Assigned task:
One range is to be output from the listing below, exactly as written: the line with "Mitarbeiter gibt Schulmaterialien" to the line with "Many worm earrings", both kept.

Data to use:
※
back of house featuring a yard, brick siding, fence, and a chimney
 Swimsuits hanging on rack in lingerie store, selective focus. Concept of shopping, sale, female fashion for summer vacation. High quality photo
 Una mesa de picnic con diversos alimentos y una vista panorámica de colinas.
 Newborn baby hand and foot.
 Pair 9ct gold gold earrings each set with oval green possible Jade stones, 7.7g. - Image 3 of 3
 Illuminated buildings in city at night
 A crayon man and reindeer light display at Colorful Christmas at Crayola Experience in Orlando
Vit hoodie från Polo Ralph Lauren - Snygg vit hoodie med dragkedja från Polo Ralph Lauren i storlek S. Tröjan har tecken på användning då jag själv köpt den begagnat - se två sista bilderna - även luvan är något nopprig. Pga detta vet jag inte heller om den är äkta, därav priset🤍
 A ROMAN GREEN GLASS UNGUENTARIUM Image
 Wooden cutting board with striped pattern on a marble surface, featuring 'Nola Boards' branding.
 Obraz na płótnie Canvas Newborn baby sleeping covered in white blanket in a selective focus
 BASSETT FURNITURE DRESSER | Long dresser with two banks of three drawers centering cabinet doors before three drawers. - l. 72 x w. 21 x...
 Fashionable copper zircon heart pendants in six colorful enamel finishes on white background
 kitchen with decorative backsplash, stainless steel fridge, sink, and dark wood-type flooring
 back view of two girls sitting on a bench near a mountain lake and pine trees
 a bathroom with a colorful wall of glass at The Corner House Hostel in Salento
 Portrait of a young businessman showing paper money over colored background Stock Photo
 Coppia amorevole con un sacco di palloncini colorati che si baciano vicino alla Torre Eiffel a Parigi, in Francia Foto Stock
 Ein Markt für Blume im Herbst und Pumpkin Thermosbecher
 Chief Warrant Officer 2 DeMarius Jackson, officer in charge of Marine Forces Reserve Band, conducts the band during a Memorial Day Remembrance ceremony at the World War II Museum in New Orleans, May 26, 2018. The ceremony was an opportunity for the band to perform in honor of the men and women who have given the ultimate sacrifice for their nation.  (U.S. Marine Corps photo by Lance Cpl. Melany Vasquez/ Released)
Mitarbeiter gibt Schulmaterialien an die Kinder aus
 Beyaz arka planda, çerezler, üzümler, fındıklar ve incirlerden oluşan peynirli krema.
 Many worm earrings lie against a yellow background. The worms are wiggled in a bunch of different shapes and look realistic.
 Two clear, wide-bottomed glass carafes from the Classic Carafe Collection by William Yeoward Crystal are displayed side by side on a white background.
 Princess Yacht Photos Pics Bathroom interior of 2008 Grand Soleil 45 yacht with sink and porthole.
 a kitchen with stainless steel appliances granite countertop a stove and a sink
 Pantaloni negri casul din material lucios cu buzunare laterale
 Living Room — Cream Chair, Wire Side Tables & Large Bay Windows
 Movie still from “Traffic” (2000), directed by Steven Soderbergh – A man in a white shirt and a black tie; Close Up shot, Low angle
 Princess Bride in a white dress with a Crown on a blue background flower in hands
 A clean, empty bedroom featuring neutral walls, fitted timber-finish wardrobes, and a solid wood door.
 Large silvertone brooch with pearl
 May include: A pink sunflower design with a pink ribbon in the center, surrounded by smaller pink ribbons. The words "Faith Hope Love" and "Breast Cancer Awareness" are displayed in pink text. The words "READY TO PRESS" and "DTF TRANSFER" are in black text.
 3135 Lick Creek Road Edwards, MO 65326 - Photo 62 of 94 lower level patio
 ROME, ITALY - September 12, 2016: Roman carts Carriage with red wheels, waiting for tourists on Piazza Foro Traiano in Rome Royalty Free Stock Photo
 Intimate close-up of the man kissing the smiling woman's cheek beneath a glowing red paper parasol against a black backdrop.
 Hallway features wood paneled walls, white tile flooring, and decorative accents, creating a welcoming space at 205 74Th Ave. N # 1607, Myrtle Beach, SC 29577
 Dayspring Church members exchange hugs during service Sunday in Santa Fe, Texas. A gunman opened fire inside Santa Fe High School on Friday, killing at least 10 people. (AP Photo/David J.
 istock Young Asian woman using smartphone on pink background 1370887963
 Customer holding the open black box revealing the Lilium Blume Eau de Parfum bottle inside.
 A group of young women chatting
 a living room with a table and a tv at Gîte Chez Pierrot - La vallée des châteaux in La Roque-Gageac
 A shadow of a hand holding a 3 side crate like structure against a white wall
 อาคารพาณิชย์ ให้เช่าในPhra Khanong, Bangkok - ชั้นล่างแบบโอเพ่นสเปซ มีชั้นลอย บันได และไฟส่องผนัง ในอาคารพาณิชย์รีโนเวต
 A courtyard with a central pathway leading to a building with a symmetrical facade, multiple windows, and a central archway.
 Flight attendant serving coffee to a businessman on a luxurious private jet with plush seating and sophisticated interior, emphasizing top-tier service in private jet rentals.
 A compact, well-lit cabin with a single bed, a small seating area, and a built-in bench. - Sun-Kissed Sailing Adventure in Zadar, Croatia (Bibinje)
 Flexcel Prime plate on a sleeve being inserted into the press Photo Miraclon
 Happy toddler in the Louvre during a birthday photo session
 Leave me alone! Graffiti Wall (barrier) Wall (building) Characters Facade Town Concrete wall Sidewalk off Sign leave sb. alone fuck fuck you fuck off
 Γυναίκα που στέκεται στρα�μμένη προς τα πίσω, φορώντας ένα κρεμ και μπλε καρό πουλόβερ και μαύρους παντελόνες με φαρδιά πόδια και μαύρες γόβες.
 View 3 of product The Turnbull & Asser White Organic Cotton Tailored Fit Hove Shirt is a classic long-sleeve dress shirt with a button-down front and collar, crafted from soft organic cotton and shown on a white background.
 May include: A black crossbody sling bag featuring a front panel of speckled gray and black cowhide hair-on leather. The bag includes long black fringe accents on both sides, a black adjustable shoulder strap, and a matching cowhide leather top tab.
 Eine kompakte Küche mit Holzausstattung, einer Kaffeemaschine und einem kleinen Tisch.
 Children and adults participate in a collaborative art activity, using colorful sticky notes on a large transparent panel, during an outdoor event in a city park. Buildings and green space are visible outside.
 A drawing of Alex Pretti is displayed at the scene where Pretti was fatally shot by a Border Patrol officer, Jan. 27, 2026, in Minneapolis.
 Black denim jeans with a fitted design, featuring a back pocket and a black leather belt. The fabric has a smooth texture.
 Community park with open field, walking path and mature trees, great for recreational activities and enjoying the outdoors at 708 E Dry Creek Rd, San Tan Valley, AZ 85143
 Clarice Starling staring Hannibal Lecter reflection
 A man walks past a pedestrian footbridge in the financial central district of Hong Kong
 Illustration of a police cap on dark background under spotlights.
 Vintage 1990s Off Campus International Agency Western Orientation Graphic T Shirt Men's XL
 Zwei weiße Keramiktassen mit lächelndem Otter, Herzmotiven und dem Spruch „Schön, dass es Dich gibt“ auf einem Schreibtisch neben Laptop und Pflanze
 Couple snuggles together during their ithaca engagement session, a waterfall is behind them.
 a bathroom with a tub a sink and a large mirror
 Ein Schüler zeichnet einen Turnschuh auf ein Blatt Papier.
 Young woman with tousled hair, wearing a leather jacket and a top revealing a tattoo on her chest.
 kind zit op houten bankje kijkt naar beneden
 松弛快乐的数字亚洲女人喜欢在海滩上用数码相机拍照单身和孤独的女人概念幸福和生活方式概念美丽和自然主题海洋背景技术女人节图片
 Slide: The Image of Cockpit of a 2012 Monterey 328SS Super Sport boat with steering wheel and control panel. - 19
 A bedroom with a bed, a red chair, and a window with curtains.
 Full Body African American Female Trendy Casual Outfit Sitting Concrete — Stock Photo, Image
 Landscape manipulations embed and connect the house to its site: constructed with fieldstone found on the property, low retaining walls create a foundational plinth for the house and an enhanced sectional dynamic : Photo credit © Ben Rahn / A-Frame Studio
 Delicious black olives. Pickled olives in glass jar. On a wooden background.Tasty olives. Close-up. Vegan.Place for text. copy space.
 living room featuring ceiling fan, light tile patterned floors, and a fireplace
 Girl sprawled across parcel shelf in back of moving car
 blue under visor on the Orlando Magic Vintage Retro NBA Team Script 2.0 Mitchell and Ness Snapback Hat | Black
※
Solution to this problem:
Mitarbeiter gibt Schulmaterialien an die Kinder aus
 Beyaz arka planda, çerezler, üzümler, fındıklar ve incirlerden oluşan peynirli krema.
 Many worm earrings lie against a yellow background. The worms are wiggled in a bunch of different shapes and look realistic.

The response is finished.